Longer-Term Exploration Potential
Deep oil potential in Albania Lundin Oil acquired an interest in Albania in 1998 when it was awarded an interest in Blocks 2 and 3. The blocks cover an area of 4,546 square kilometres and are located within and on trend with the proven petroleum system in Albania, where an estimated 1 billion barrels of recoverable reserves have been discovered. Most of the existing oilfields in Albania are located within the boundaries of Blocks 2 and 3, although the current producing area of these fields has been excluded from the permits. The main objective for Lundin is the geologically prospective deeper horizons located below these fields. The horizons are expected to comprise fractured-carbonate reservoirs similar to those recently discovered in the southern Apennines of Italy (including Enterprise's Monte Alpi field with an estimated 1 to 2 billion barrels of recoverable reserves).
During 1998, a 171 km seismic programme was acquired on the permit to upgrade the identified leads to possible drilling candidates. However, due to the continuing political unrest and increasingly poor local security conditions, Lundin Oil declared force majeure on this permit at the end of 1998. As a result of political stabilisation, primarily in conjunction with the Kosovo relief effort, it plans to lift force majeure early in 2000. Lundin then hopes to drill an exploration well to test the sub-thrust play concept in mid-2000.

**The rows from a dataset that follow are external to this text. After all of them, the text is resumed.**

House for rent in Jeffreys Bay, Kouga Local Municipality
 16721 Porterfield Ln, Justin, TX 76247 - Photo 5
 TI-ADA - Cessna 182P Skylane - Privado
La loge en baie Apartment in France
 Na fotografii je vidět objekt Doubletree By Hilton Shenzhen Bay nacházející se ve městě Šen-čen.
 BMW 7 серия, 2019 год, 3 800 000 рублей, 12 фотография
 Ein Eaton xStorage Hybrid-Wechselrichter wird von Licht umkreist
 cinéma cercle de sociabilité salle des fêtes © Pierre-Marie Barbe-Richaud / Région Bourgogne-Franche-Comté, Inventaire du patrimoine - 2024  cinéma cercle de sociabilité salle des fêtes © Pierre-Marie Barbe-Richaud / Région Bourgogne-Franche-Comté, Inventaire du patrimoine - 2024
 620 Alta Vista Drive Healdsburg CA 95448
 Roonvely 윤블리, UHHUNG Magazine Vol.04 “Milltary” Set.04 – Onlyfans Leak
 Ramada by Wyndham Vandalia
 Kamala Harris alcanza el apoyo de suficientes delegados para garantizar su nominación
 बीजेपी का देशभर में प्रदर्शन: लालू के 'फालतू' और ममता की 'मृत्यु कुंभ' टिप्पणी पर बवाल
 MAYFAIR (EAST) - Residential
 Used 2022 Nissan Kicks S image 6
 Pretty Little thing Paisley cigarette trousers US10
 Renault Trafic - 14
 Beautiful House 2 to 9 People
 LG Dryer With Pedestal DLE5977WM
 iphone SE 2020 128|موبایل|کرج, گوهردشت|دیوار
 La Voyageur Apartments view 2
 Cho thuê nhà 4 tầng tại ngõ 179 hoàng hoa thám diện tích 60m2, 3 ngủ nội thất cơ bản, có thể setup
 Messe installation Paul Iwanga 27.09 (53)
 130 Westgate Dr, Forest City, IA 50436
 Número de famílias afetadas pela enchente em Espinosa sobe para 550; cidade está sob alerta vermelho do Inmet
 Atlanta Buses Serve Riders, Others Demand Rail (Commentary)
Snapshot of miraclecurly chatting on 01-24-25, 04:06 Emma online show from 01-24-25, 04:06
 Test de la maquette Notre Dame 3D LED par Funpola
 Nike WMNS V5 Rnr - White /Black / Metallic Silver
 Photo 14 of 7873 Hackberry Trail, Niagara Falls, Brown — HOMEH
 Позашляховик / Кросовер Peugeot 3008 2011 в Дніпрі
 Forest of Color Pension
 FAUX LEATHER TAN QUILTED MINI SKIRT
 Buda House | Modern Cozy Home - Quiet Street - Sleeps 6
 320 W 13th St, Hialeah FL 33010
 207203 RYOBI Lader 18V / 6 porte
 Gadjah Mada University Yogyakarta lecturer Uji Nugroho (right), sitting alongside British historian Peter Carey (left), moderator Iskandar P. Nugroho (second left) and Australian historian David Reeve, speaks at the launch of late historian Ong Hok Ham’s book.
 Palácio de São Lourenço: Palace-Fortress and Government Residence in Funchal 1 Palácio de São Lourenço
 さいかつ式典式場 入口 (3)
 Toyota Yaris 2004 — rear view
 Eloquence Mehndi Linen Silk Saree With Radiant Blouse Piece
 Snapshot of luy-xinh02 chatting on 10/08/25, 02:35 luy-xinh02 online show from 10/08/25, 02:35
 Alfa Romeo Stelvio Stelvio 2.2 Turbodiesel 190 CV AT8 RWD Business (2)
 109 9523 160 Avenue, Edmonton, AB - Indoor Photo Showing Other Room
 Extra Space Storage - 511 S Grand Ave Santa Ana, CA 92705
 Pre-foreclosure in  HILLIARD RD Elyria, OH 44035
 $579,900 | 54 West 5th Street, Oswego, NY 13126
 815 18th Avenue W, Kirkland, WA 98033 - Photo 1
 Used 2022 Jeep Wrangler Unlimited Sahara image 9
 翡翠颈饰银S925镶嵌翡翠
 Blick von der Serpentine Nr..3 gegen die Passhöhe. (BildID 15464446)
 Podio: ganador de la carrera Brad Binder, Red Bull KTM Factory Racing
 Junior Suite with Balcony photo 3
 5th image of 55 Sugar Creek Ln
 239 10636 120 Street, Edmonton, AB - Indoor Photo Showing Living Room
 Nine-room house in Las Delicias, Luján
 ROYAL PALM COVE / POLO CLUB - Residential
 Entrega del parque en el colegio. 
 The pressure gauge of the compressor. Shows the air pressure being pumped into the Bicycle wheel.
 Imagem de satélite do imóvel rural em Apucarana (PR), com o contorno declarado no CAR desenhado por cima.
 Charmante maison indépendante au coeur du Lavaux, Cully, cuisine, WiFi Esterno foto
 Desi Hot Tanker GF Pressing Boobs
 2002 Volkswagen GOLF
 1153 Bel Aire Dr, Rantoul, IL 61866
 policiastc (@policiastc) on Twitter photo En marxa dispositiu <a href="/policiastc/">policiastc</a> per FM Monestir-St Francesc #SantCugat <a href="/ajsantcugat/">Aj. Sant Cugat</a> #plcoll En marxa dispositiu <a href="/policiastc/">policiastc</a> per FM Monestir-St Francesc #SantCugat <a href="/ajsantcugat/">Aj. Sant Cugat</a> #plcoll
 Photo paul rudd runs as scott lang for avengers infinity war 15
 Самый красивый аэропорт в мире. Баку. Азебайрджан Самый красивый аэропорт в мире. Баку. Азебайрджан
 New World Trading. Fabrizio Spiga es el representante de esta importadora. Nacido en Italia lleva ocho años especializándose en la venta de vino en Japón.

Papua New Guinea gas plays
Lundin Oil holds a 48.18% interest in Petroleum Retention Licence No. 1 (PRL-1), after it was granted the licence in 1998. The licence includes the Pandora gas field, which Lundin can hold for an initial period of five years, extendable for up to an additional ten years. Lundin Oil also holds a 35% working interest in PPL-200, which is also located in the Gulf of Papua. While the Lundin Oil group does not include any gas reserves attributable to the Pandora field in its disclosed reserve figures, the Pandora field is estimated to contain approximately 1.6 trillion cubic feet of proved plus probable gas reserves. At the moment, the economic viability of the field depends on whether a market can be identified for the gas. In this respect, the most likely export route is still the proposed pipeline from Papua New Guinea to Queensland, Australia, which is currently being promoted by Chevron. In licence PPL-200, Lundin has identified a large prospect, named Flinders, which could contain from 800 bcf to 2.8 tcf of gas with an additional 145 mmbbl of condensate. However, drilling of this prospect is unlikely until export routes for gas have been identified.
High-risk Somaliland potential
Lundin hold an interest in Blocks 35 and M-10A in Somaliland's most prospective basin. Several well-defined prospects have been ready to drill for the past eleven years. The basin is an extension of the Yemen oil trend and surface oil seeps confirm its potential. Unfortunately, the blocks have been in force majeure since 1988 due to continue civil unrest. Lately, due to a significant improvement in the country's unrest and a much-improved political environment, Lundin Oil is attempting to re-activate the existing concessions. However, in our opinion, there is little prospect of the area providing Lundin Oil with any near-term success.